2. Legal Content Writer
One of the ways firms and sole practitioners have appealed to the public and reached new markets is by publishing lots of online content that helps make the legal procedures they offer less opaque. Clarity makes the potentially long and difficult process of going through a legal ordeal much more manageable.
Like so many other industries, lawyers and their firms have benefited greatly from long-form content that explains certain aspects of their practice areas. Personal injury attorneys could use articles on tort reform while criminal attorneys could publish how-to’s for people charged with crimes and their families.
Legal content writers have to be able to research unfamiliar topics that could sometimes be hard to comprehend quickly. For this reason, they tend to specialize not only in legal content writing but also within a certain practice area of the law such as immigration or criminal law.
3. Web Developers
All that content has to go up somewhere. Law firms are businesses and operate much more closely to traditional companies than some might think. Web developers are needed to build stellar websites where people can sign up for services and get information about their lawyer and the company itself.

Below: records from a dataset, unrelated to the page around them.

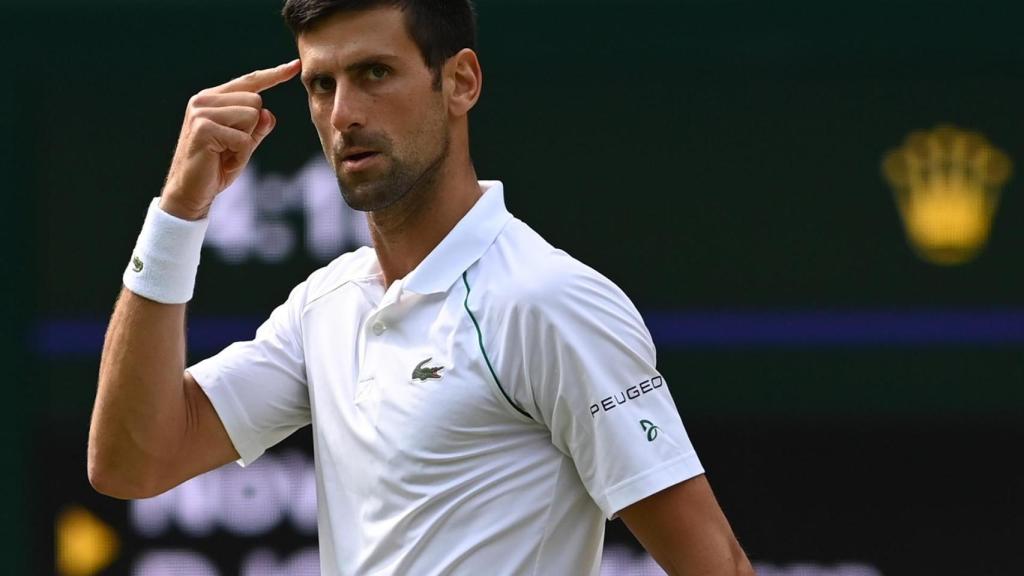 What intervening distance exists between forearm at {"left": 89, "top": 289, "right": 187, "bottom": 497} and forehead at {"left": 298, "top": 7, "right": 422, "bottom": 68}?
35cm

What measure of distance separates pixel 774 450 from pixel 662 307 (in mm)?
387

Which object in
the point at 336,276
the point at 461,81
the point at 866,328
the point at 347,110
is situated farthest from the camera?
the point at 866,328

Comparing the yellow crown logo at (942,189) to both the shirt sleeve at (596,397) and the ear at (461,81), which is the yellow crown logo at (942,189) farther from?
the shirt sleeve at (596,397)

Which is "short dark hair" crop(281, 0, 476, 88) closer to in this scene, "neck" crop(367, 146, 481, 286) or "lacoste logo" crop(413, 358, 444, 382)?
"neck" crop(367, 146, 481, 286)

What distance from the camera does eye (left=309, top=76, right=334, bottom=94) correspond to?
2.17 m

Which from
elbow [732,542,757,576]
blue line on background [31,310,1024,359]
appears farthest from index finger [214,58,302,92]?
blue line on background [31,310,1024,359]

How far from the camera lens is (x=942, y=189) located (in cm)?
399

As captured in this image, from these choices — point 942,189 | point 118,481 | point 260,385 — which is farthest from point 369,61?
point 942,189

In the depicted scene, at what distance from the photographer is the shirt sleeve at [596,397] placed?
79.3 inches

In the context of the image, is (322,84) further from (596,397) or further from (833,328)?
(833,328)

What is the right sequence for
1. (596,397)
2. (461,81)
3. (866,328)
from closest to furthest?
(596,397) < (461,81) < (866,328)

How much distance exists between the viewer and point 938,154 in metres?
3.98

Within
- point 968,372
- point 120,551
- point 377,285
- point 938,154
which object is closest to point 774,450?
point 968,372

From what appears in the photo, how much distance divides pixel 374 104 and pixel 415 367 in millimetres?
306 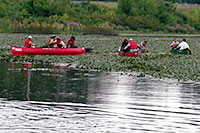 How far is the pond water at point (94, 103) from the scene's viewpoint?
55.9ft

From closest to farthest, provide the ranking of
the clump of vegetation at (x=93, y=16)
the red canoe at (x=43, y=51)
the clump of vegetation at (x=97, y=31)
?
the red canoe at (x=43, y=51) → the clump of vegetation at (x=93, y=16) → the clump of vegetation at (x=97, y=31)

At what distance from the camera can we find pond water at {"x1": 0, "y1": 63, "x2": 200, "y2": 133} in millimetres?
17047

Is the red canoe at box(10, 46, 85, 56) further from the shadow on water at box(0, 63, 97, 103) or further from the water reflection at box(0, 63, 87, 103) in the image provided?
the water reflection at box(0, 63, 87, 103)

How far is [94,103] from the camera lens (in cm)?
2125

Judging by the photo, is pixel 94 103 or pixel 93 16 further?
pixel 93 16

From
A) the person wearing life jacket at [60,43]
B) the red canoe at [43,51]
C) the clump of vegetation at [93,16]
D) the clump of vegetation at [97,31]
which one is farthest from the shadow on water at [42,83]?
the clump of vegetation at [97,31]

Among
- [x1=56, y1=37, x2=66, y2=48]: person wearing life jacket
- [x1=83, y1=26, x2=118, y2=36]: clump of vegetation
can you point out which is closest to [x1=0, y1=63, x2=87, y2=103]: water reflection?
[x1=56, y1=37, x2=66, y2=48]: person wearing life jacket

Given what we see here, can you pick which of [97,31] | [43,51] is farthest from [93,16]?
[43,51]

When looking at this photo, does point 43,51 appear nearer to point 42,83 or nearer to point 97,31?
point 42,83

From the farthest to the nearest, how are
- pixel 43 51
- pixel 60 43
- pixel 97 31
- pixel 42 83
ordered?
1. pixel 97 31
2. pixel 60 43
3. pixel 43 51
4. pixel 42 83

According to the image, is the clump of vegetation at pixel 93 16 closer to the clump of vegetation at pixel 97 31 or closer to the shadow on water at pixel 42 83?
the clump of vegetation at pixel 97 31

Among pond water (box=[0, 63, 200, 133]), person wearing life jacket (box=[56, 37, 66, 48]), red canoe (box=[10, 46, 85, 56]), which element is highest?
person wearing life jacket (box=[56, 37, 66, 48])

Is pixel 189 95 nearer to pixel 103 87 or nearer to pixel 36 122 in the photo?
pixel 103 87

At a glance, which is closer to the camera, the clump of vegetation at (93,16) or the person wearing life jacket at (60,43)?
the person wearing life jacket at (60,43) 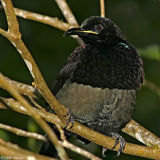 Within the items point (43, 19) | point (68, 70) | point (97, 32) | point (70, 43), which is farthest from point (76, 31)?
point (70, 43)

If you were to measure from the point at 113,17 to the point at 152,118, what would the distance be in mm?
2175

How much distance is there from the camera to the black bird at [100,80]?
434 centimetres

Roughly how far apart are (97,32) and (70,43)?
2636mm

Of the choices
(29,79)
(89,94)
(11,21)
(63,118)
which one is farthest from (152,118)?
(11,21)

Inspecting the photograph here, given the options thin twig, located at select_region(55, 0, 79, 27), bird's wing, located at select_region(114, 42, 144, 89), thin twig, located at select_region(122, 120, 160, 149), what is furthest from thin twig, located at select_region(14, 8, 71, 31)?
thin twig, located at select_region(122, 120, 160, 149)

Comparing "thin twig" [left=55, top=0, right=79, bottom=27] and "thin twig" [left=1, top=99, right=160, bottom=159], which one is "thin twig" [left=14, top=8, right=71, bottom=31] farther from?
"thin twig" [left=1, top=99, right=160, bottom=159]

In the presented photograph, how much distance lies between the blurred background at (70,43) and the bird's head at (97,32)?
1.74 m

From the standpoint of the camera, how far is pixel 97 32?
4.68 metres

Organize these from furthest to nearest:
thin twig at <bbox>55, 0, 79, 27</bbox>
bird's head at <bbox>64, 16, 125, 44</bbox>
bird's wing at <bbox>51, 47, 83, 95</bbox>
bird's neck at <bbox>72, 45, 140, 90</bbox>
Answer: thin twig at <bbox>55, 0, 79, 27</bbox> < bird's head at <bbox>64, 16, 125, 44</bbox> < bird's wing at <bbox>51, 47, 83, 95</bbox> < bird's neck at <bbox>72, 45, 140, 90</bbox>

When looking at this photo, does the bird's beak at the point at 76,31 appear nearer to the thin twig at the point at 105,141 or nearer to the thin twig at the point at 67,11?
the thin twig at the point at 67,11

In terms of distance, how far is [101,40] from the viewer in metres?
4.66

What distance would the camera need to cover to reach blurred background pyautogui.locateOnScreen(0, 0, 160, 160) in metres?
6.50

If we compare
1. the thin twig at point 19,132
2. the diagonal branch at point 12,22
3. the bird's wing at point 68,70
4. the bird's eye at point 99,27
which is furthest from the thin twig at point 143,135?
the diagonal branch at point 12,22

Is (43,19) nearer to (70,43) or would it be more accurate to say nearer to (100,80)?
(100,80) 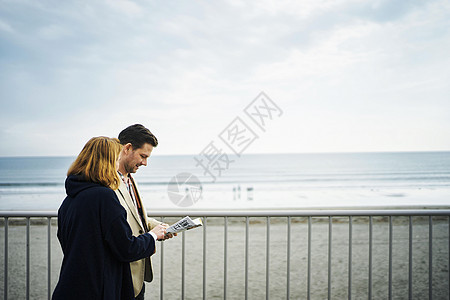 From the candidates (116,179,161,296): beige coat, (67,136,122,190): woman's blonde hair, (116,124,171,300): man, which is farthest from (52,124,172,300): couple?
(116,124,171,300): man

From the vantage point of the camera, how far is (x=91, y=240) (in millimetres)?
1519

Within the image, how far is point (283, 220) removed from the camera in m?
12.2

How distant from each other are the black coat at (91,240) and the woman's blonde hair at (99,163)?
0.04 metres

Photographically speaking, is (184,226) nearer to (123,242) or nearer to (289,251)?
(123,242)

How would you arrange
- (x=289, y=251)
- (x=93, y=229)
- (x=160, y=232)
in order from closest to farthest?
(x=93, y=229)
(x=160, y=232)
(x=289, y=251)

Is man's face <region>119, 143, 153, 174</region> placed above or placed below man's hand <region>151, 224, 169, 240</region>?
above

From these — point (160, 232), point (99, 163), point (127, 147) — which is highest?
point (127, 147)

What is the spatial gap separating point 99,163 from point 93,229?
0.32 m

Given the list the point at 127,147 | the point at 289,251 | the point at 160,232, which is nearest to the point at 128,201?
the point at 160,232

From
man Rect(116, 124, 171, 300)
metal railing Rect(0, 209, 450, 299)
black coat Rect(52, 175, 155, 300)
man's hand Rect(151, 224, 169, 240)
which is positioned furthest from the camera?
metal railing Rect(0, 209, 450, 299)

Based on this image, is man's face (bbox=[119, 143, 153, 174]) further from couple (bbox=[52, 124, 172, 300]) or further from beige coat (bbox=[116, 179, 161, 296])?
couple (bbox=[52, 124, 172, 300])

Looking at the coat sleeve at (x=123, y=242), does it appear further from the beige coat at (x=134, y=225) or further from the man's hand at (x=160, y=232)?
the beige coat at (x=134, y=225)

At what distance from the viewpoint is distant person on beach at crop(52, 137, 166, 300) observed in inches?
59.4

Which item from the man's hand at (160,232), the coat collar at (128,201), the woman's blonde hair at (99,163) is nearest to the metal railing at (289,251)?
the man's hand at (160,232) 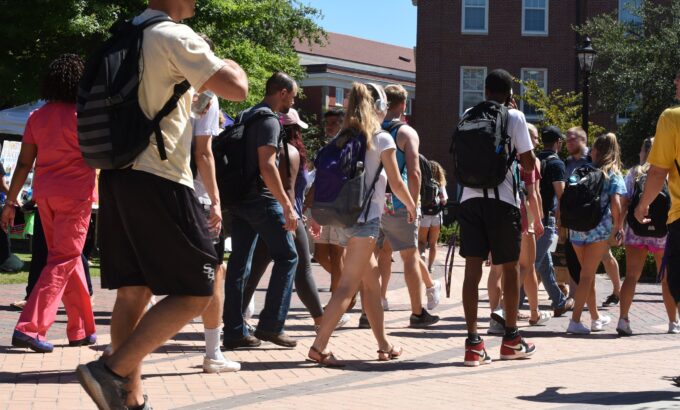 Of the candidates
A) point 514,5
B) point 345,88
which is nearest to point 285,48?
point 345,88

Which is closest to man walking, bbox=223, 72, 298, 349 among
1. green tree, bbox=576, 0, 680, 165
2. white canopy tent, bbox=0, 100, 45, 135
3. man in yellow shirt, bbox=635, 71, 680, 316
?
man in yellow shirt, bbox=635, 71, 680, 316

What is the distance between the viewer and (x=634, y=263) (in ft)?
33.6

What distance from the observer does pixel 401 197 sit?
7.77m

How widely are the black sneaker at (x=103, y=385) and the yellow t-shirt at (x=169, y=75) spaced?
806mm

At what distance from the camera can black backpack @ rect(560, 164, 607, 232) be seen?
10.1 metres

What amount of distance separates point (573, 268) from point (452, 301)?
1.85 m

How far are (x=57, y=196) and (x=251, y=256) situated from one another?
139cm

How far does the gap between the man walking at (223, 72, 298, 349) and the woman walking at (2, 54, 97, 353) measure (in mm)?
1018

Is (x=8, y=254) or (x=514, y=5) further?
(x=514, y=5)

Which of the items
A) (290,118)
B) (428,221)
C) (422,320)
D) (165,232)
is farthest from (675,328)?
(428,221)

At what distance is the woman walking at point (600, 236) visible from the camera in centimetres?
1000

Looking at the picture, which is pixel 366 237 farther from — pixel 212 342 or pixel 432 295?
pixel 432 295

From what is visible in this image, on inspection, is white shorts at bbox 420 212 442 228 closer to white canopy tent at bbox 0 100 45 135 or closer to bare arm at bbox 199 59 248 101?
white canopy tent at bbox 0 100 45 135

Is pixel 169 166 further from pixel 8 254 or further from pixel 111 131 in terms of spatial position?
pixel 8 254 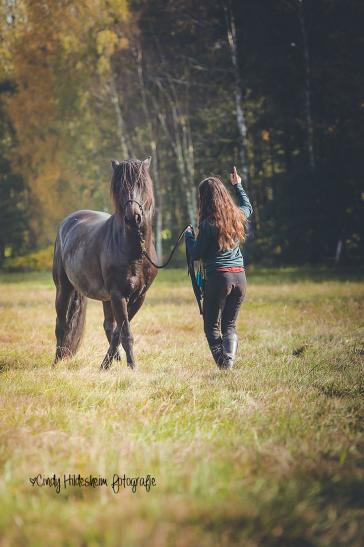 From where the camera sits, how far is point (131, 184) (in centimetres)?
604

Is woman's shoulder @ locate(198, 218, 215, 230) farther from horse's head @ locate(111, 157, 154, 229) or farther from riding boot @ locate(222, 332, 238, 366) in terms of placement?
riding boot @ locate(222, 332, 238, 366)

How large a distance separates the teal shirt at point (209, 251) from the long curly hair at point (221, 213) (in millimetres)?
70

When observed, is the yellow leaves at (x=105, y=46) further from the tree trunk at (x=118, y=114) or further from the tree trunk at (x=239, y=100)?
the tree trunk at (x=239, y=100)

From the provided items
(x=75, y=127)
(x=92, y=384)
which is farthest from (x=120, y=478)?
(x=75, y=127)

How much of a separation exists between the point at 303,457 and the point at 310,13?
2310 centimetres

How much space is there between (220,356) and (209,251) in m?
1.09

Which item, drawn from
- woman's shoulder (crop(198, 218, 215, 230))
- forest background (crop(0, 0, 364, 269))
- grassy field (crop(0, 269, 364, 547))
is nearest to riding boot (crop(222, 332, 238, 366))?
grassy field (crop(0, 269, 364, 547))

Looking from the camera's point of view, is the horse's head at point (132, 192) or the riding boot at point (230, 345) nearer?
the horse's head at point (132, 192)

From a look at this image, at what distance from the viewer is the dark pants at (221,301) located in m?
6.19

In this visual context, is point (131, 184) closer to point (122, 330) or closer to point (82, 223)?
point (122, 330)

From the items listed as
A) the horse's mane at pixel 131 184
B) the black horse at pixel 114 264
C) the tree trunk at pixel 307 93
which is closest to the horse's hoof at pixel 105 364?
the black horse at pixel 114 264

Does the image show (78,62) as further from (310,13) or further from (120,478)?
(120,478)

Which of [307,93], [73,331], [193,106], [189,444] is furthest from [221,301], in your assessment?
[193,106]

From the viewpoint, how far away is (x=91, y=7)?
84.1 feet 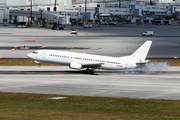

In many cases, people won’t have time or any reason to go in-person to a law firm and see their lawyer. A good website can give them somewhere to check-in without taking up time from paralegals and lawyers who have other work to do.
4. Social Media Designers
Law firms and individual attorneys have also been branding with social media for over a decade at least. Twitter, in particular, has allowed some attorneys to grow a following and make a name for themselves disseminating their legal opinions on certain matters.
Social media designers can help personalize law firms, which are notoriously impersonal traditionally. Updates about trends and links to content on the firm website are all also possible as part of larger marketing and branding efforts.
5. Legal Videographers
Lawyers and discovery companies need people to film depositions and other parts of the legal process. This film then needs to be uploaded so multiple parties can have access.
The particular details of legal videographer jobs will vary greatly with the people hiring, but it’s a great entry-level position for creatives who want to break into the audio-visual sector. With more courts and legal meetings going remote, people who know how to create professional-looking videos and provide technical support for streaming are more in demand than ever.
Because these remote meetings are so convenient, there is some possibility that they will continue to exist well into the future. Even if they don’t, anyone with experience in this field will easily be able to make a lateral move to another videographer job.
There are plenty of ways creatives can get involved in the legal field without going back to college or trying to get into law school. Law firms operate very similarly to traditional businesses and have many of the same needs, including new client acquisition, marketing, social media management, and product design.
Creatives can help with all of these. In some cases, the lawyers might work for companies that are providing such services. In that case, creatives with experience in legal design can act as intermediaries between the legal team and the designers at the original company.
The overwhelming amount of data and general complexity of law makes it a ripe practice area for content writers and UX designers who want to give people a simpler process and a better experience. Working in the legal field is a great opportunity for creatives to do meaningful work that can help people through some of the most difficult times of their lives.